Su Yang sostuvo la espada y suspiró: —¡Parece que hoy una masacre es inevitable!
Dicho esto, Su Yang dio un toque a la espada larga con el dedo y esta se hizo añicos al instante. Los fragmentos, que se contaban por docenas, salieron disparados como balas certeras, directos hacia quienes estaban junto a la gente de la Secta de Regreso al Cielo.

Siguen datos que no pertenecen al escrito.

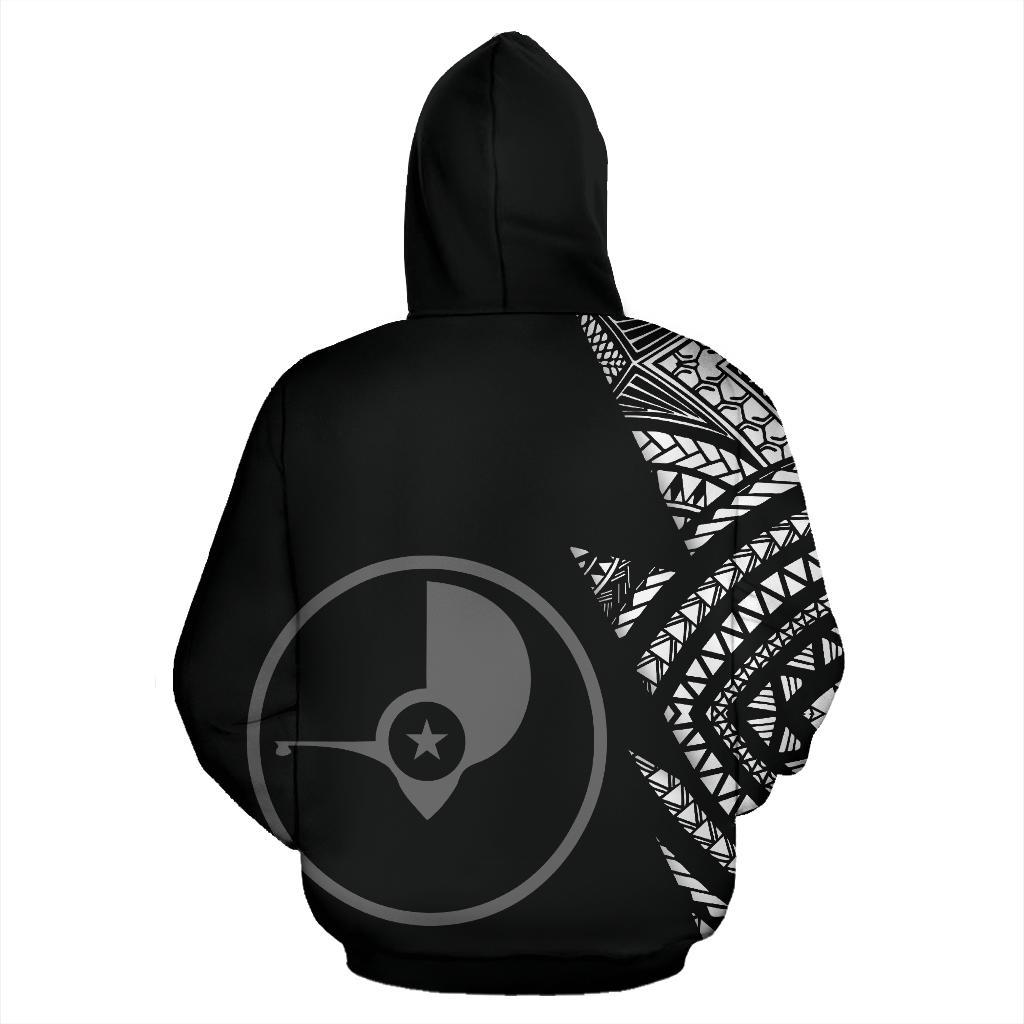 Yap Pattern All Over Hoodie FSM - Polynesian Pride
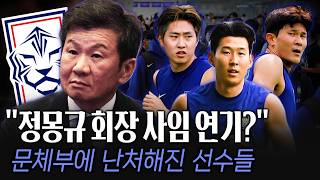 "정몽규 즉시 사임 vs 직선제 도입 우선" 협회 개혁 골든타임, 문체부 오찬 뭐죠?
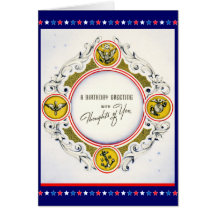 VIntage Military Birthday Card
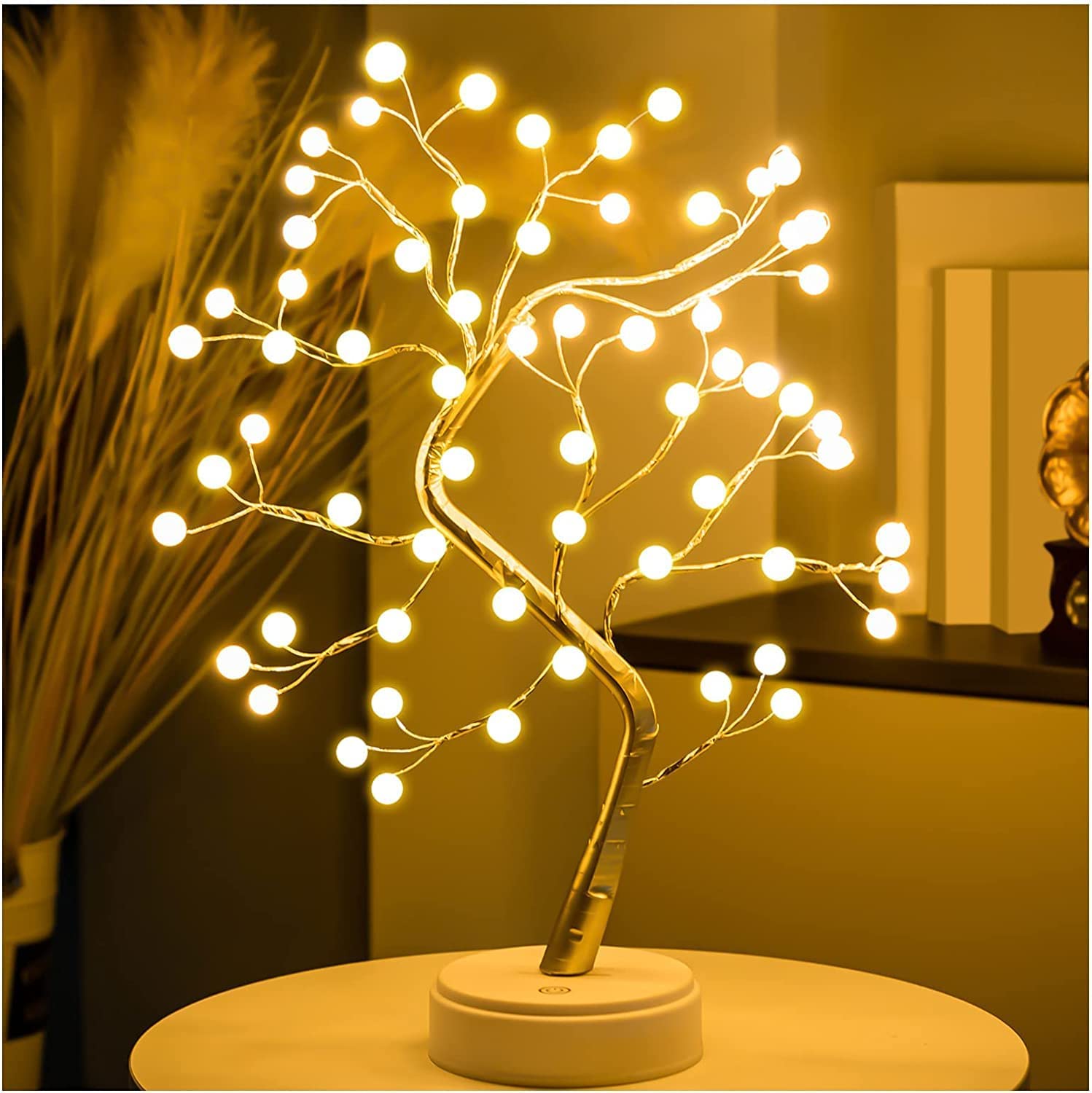 REFULGIX 36 LED Pearl Bonsai Tree Lamp with Touch Switch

Aquellas personas ni siquiera tuvieron oportunidad de reaccionar antes de que los fragmentos de la espada les atravesaran el corazón.
Casi simultáneamente, todos cayeron al suelo, sin que quedara ni uno. Ni siquiera en sus últimos momentos de vida comprendieron lo que había sucedido.
La gente de la Secta de Regreso al Cielo se encontró libre de toda amenaza.
La escena se sumió en un silencio sepulcral. Tras un largo rato, el Gran Anciano de la Secta de Regreso al Cielo fue el primero en gritar: —¡Maestro Su, magnífico!